How to learn Designing Semantic Models For Self Serve for Data Modeling for BI in BI Developer for free

Why this matters

Self-serve BI rises or falls on the quality of your semantic model. A clean and consistent business layer lets non-technical users answer questions without writing SQL or breaking logic. As a BI Developer, your real tasks include:

Defining standard metrics (e.g., Revenue, AOV, Retention) once and making them reusable everywhere.
Modeling dimensions and hierarchies so slicing and drilling feels natural and safe.
Controlling data relationships and grain to avoid double counting.
Building in guardrails: data types, formats, default filters, and row-level security when needed.

Concept explained simply

A semantic model is a business-friendly layer on top of your warehouse. It exposes dimensions, measures, and relationships with names people understand. Think of it as the “menu” of facts and slices users can confidently combine.

Mental model

Picture a grocery store:

Facts = items sold (transactions at a specific grain)
Dimensions = aisles and labels (date, customer, product, region)
Measures = totals and ratios at the checkout (Revenue, Orders, Conversion Rate)

Your job: decide the right level of detail (grain), connect aisles to items (relationships), and predefine the totals/ratios so anyone can shop for insights without getting lost.

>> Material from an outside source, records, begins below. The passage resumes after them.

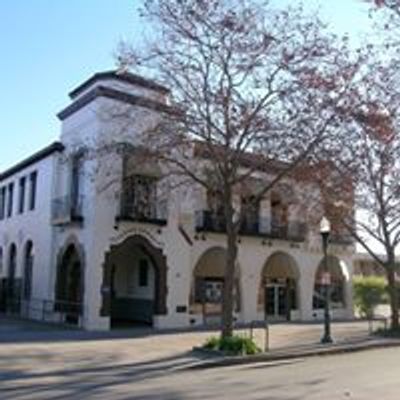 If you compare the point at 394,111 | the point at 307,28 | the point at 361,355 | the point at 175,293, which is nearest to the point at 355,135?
the point at 394,111

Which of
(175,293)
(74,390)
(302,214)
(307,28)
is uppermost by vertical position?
(307,28)

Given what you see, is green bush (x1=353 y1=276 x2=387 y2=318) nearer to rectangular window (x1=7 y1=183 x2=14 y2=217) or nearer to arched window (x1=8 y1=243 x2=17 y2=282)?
arched window (x1=8 y1=243 x2=17 y2=282)

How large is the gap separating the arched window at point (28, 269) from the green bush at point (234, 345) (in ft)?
59.7

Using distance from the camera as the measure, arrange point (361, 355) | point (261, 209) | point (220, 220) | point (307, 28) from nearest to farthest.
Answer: point (307, 28), point (361, 355), point (220, 220), point (261, 209)

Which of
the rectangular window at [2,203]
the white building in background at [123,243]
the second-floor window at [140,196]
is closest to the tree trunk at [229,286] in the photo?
the white building in background at [123,243]

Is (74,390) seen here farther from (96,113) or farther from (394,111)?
(96,113)

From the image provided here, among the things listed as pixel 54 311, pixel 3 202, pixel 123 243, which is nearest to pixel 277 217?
pixel 123 243

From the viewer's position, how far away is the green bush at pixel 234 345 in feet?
70.0

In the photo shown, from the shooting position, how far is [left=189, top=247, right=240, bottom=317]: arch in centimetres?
3588

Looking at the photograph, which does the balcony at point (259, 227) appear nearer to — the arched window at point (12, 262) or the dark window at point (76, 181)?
the dark window at point (76, 181)

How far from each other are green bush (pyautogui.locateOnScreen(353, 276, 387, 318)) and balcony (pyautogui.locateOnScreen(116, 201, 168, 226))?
17.6 meters

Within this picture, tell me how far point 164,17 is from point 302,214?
1365 centimetres

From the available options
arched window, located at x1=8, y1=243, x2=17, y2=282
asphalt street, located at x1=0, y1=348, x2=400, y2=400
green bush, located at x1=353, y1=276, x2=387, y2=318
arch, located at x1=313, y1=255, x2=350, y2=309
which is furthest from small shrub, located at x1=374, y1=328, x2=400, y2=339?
arched window, located at x1=8, y1=243, x2=17, y2=282

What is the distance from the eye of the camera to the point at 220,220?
36.6m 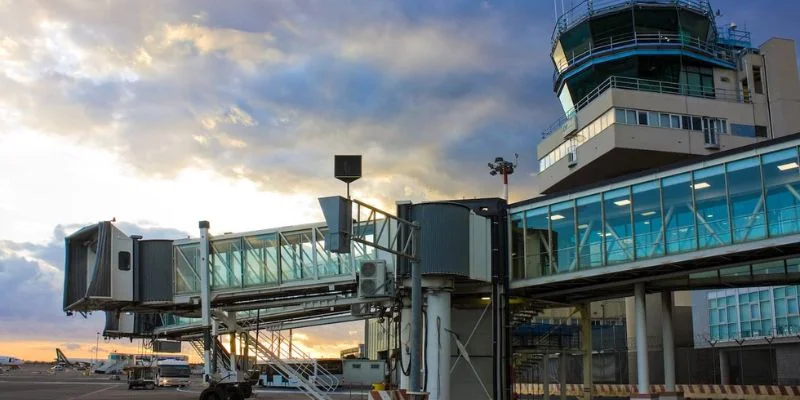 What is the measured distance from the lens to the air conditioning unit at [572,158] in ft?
213

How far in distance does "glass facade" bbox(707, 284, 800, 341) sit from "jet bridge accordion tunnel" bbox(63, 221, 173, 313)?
46233mm

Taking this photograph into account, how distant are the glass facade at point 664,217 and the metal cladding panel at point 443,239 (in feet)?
9.02

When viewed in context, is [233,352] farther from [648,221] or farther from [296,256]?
[648,221]

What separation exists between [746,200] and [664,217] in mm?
3270

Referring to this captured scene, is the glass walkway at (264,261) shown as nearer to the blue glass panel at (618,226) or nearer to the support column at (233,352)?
the support column at (233,352)

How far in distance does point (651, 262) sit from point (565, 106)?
132 feet

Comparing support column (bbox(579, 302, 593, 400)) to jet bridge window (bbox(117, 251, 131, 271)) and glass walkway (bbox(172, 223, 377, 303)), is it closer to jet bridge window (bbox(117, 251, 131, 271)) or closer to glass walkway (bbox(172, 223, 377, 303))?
glass walkway (bbox(172, 223, 377, 303))

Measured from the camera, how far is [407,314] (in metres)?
37.0

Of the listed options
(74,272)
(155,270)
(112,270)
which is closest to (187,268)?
(155,270)

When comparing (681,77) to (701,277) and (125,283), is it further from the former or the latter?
(125,283)

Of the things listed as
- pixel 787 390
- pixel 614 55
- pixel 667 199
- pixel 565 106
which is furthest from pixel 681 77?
pixel 667 199

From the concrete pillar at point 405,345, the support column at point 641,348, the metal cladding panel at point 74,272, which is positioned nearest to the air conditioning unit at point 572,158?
the support column at point 641,348

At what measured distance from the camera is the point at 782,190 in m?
27.7

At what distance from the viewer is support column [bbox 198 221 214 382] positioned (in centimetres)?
3788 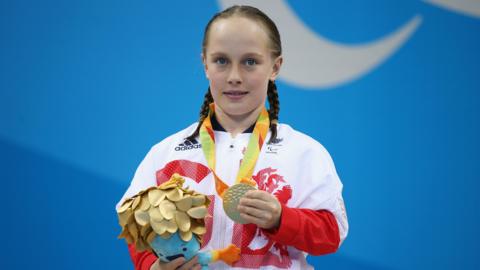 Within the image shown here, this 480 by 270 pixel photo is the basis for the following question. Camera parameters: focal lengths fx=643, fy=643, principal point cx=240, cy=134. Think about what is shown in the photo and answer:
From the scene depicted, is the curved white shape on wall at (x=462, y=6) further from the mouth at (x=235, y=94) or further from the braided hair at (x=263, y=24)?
the mouth at (x=235, y=94)

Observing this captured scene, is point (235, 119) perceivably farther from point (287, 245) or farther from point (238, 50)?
point (287, 245)

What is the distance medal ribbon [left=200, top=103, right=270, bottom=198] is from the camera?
177 centimetres

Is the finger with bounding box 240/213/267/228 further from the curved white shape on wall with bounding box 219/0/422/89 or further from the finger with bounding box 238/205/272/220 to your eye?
the curved white shape on wall with bounding box 219/0/422/89

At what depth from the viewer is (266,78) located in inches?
74.6

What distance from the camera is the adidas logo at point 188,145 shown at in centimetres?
193

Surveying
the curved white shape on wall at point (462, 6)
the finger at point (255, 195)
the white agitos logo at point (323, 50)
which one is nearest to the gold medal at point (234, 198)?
the finger at point (255, 195)

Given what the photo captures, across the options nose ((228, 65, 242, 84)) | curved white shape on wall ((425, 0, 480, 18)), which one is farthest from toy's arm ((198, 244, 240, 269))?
curved white shape on wall ((425, 0, 480, 18))

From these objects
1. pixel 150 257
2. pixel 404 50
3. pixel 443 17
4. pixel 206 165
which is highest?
pixel 443 17

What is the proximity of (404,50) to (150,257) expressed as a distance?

Checklist: What a good semantic model includes

Clear business names and descriptions for all fields
One-hinge grain per fact (no mixed granularity)
Conformed dimensions shared across facts (e.g., Date, Customer)
Curated measures with consistent logic and formatting
Well-defined relationships (cardinality, direction) and role-playing dates if needed
Time intelligence patterns (e.g., MoM, YoY) ready to use
Security rules (row-level) where required
Performance aids (aggregations, summaries) for large data

Design steps (fast path)

Collect questions: Write down top 10 questions users ask. Group by subject area.
Choose fact grain: Decide the most atomic, stable event (e.g., order line, daily campaign).
Select conformed dimensions: Date, Customer, Product, Geography, Channel.
Define measures: Sum/Count first, then ratios (AOV, Conversion Rate) with clear denominators.
Model relationships: Star schema preferred. Avoid many-to-many unless justified and controlled.
Name and document: Business names, tooltips/descriptions, number formats, units.
Add guardrails: Default filters, hidden helper columns, role-playing dates, RLS if needed.
Test with real user slices: Try typical filter combos and edge cases (empty slices, late-arriving data).

Worked examples

Example 1: Ecommerce Sales

Goal: Self-serve questions like “Revenue by week by channel” and “AOV by country.”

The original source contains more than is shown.